Introduction

There were a lot of notes I wanted to add to my “Getting started with JanusGraph” series Part 1, Part 2 and Part 3 that were ultimately cut out to keep the series a reasonable length. As a result, I created two articles with all the off-topic snippets. Without further ado, here’s a collection of my productivity tips–as well as some of the tricks I wish I knew when I first got started.

The :help section is actually helpful

I Strongly recommend typing :help in a Gremlin console and carefully reading through all the entries. They can also be found in the Gremlin console docs. There are a lot of great features in there that come from the Groovy shell. I’ll highlight a couple below.

Clearing out the shell

If the shell gets messed up a bit, due to a bad command or mismatched quote and starts showing ......1> instead of gremlin>, you can reset the shell with: clear

gremlin> g.V().has('code', "SFO')
......1> :clear
gremlin>

Bash like history

If you type :history, you can see a numbered list of all the commands you’ve typed in the console. You can also recall commands like you can with ! in bash, but be aware that if you’re history exceeds 500 there’s a bug in Groovy that causes the index to be off by one. An example of this is shown below, where instead of displaying the help menu it’s trying to run the g.V() command instead. You can resolve this by running :history clear, but then you lose all your history, so I tend to avoid using recall.

gremlin> :history

...

513 g.V()
514 :help
515 :history
gremlin> :history recall 514
No such property: g for class: groovysh_evaluate
Type ':help' or ':h' for help.
Display stack trace? [yN]

Have JanusGraph Server bind the graph and traversal for you

If you’re running a JanusGraphFactory graph on your Gremlin Server, you can streamline the user experience by having graph.traversal() bound to g automatically.

The steps can be found in the JanusGraph Docs.

To accomplish this, create a file named scripts/janusgraph.groovy, and populate it with the contents below.

def globals = [:]
globals << [g : graph.traversal()]

Once the file has been created, it needs to be added to the gremlin-server.yaml file. It should be placed within the scripts[] array under gremlin-groovy in the scriptEngines section.

host: localhost
port: 8182
graphs: {
  graph: conf/janusgraph.properties}
plugins:
  - janusgraph.imports
scriptEngines: {
  gremlin-groovy: {
    scripts: [scripts/janusgraph.groovy]}}
serializers:
  - { className: org.apache.tinkerpop.gremlin.driver.ser.GryoMessageSerializerV1d0, config: { ioRegistries: [org.janusgraph.graphdb.tinkerpop.JanusGraphIoRegistry] }}
  - { className: org.apache.tinkerpop.gremlin.driver.ser.GryoMessageSerializerV1d0, config: { serializeResultToString: true }}
metrics: {
  slf4jReporter: {enabled: true, interval: 180000}}

If you’re using ConfiguredGraphFactory and JanusGraph 0.3.1 or greater, your graph traversals will be automatically bound for you to <graph_name>_traversal. So the airroutes graph I created in the getting started series would be available as airroutes_traversal once I connected to the Gremlin Server with my console or application.

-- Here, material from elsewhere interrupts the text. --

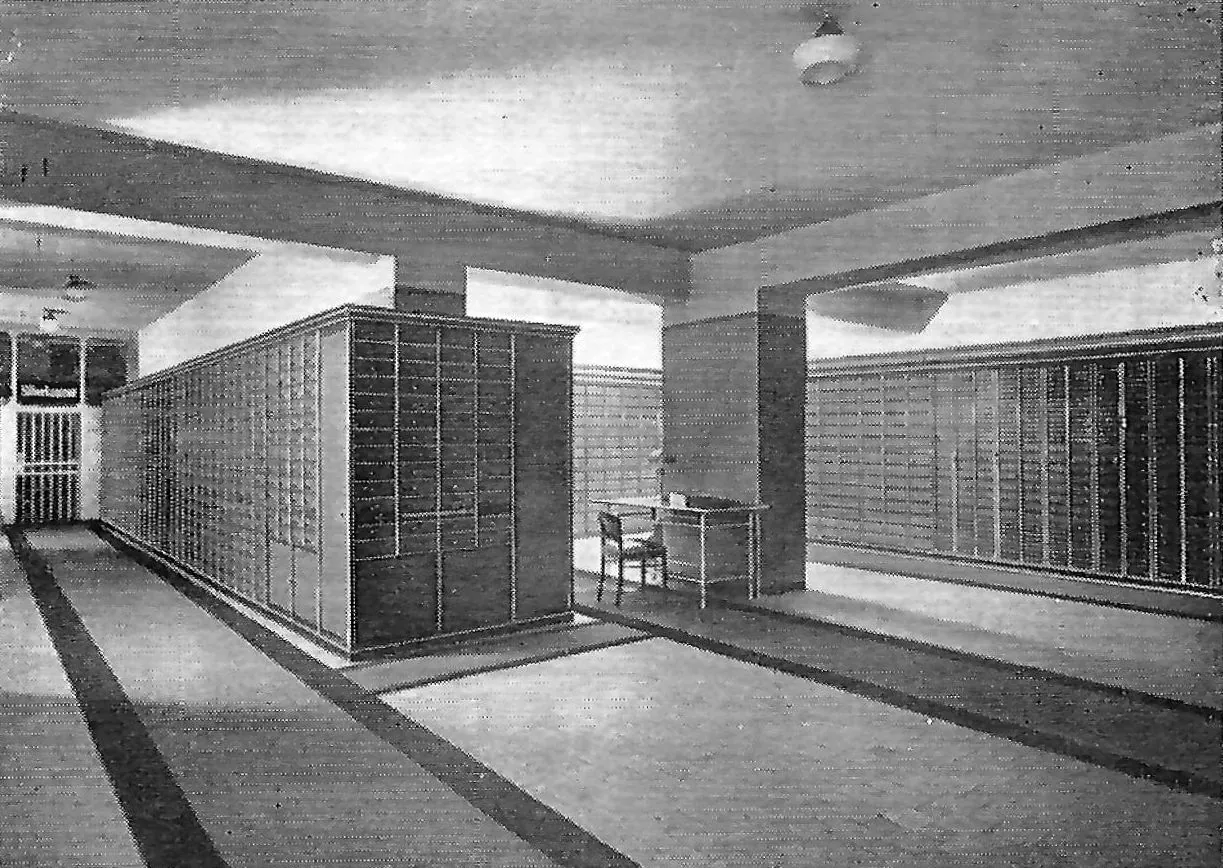 Ряды сейфов в хранилище банка (1927)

Bind Traversals on the Gremlin Console instead

Binding graphs and traversals can by automated on the console side as well by passing a Groovy script to gremlin.sh using the -i flag. Groovy scripts can also be run from an open Gremlin console using :load, or . which is an alias to :load.

Please note the -i flag will execute the script in the background before dropping you into the console. If you want to see the Gremlin output, you need to use :load from within the console instead.

While not helpful for binding traversals, I would like to note that gremlin.sh also supports an -e flag that executes the Groovy script and then exits.

Here is an example I’m choosing to name quickstart.groovy for a local JanusGraphFactory graph:

graph = JanusGraphFactory.open("conf/janusgraph-cassandra-es.properties")
g = graph.traversal()

Here’s the remote version of quickstart.groovy for JanusGraphFactory:

:remote connect tinkerpop.server conf/remote.yaml session
:remote console
g = graph.traversal()

For ConfiguredGraphFactory if you don’t want to use the automatic traversal binding, I would suggest the following:

:remote connect tinkerpop.server conf/remote.yaml session
:remote console
graph = ConfiguredGraphFactory.open("airroutes")
g = graph.traversal()

Once the file has been created, start the console with ./bin/gremlin.sh -i quickstart.groovy or run :load quickstart.groovy within the Gremlin console. These commands are assuming quickstart.groovy is located within the directory you started the Gremlin console from.

Running scripts with either :load or -e is helpful when managing multiple graphs, and by association multiple yaml files. I find running scripts within the console using :load is generally better.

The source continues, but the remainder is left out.